Les discussions sur la religion me paraissent biaisées par le côté abordé. Certains se formalisent sur ce qui est inscrit dans une constitution (américaine ou française), d'autres sur la façon d'appliquer une loi (celle de la séparation de l'Église et de l'État), mais tout le monde le fait à partir du point de vue de la société démocratique alors que la religion et son existence — maintenue contre vents et marées matérialistes, scientistes et autres — ne sont justement pas de l'ordre de la société (autonome ou hétéronome), mais de l'ordre de la communauté. Or la plupart des critiques de la religion ont été menées du point de vue des Lumières (contre l'obscurantisme16) ou du point de vue d'une critique de la fausse conscience (Marx et l'opium du peuple17) ; critiques qui présupposaient l'idée d'une instrumentalisation de la religion au service de l'ordre en place. La religion devait donc être dépassée à la fois par l'éclairage de la raison et de la science et par le développement d'une conscience vraie. On sait ce qu'il en a été dans les deux cas. Certaines républiques, dont la république française se sont trouvées à la pointe de ce processus dans la mesure où elles ont affirmé les principes de l'État-nation laïc produits d'une lutte politique entre fractions de la classe dominante ont cherché à sauver les meubles en trouvant des solutions pratiques pour les croyants. Ces solutions se situaient elles-mêmes dans la perspective de mesures de transition accompagnant une disparition progressive du fait religieux. La première étape consistant à le cantonner au domaine privé puisque finalement cela ne pouvait concerner, à terme, que les personnes et régions « arriérées » qui donnent encore libre cours à ces pratiques d'un autre âge. Cette « solution » supposait aussi que la religion n'était plus considérée que comme une affaire personnelle et donc qu'elle pouvait se dissoudre dans la figure du citoyen. C'était d'ailleurs la « solution » de Marx à la question juive dans son ouvrage du même nom.

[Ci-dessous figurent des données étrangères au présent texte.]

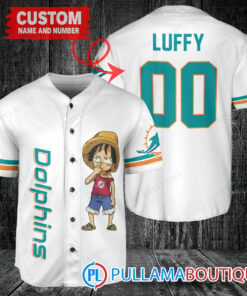 Luffy One Piece Miami Dolphins Custom Baseball Jersey White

Cette conception politique de la religion doit tout au protestantisme (Marx vient d'une famille de convertis) et elle est peu utile pour interpréter la persistance de la religion comme communauté au sein de certaines aires. Une persistance qui se traduit par exemple aujourd'hui, dans les incompréhensions et les tensions que l'État polonais provoque dans les relations internationales au nom d'une chrétienté catholique et dans le développement de tendances fondamentalistes pour les religions juive et musulmane qui sont justement, avec les sectes protestantes, les vecteurs du revival religieux d'aujourd'hui.

Ces pratiques religieuses correspondent à des visions qui ne reconnaissent pas les séparations introduites par la modernité capitaliste et s'opposent à notre monde morcelé. En effet, la modernité et le capitalisme détruisent partout les anciennes communautés et leurs médiations, mais là où la destruction des anciens rapports sociaux est plus forte que la reconstruction de nouveaux mode de vie et de représentations (autour du quantitatif, de l'argent, du salariat, de l'individu et de la consommation), resurgit l'exigence d'une communauté de référence alors que ne subsistait que des références communautaires18. Or la seule forme de communauté qui se trouve à peu près à portée de main parce que sa destruction n'a pas été physique19, se trouve être la communauté religieuse, la communauté des croyants. La misère n'est donc pas la cause principale de la résurgence du fait religieux. Elle réside plutôt dans sa capacité à se présenter comme communauté et à remplir une fonction sociale au sein de sociétés ou groupes sociaux déstructurés. C'est cela qui lui donne un cachet parfois « progressiste » qui a amené des intellectuels comme Foucault à encenser la révolution iranienne ou certains aujourd'hui à dire que l'Islam est la religion des opprimés et donc qu'il faut faire alliance avec des groupes islamistes20. C'est ignorer que la religion est toujours à la fois hiérarchique (elle est de l'ordre de l'Institution), égalitaire (elle socialise pauvres et riches, intellectuels et analphabètes) et sectaire (les « Nous » contre les « eux »).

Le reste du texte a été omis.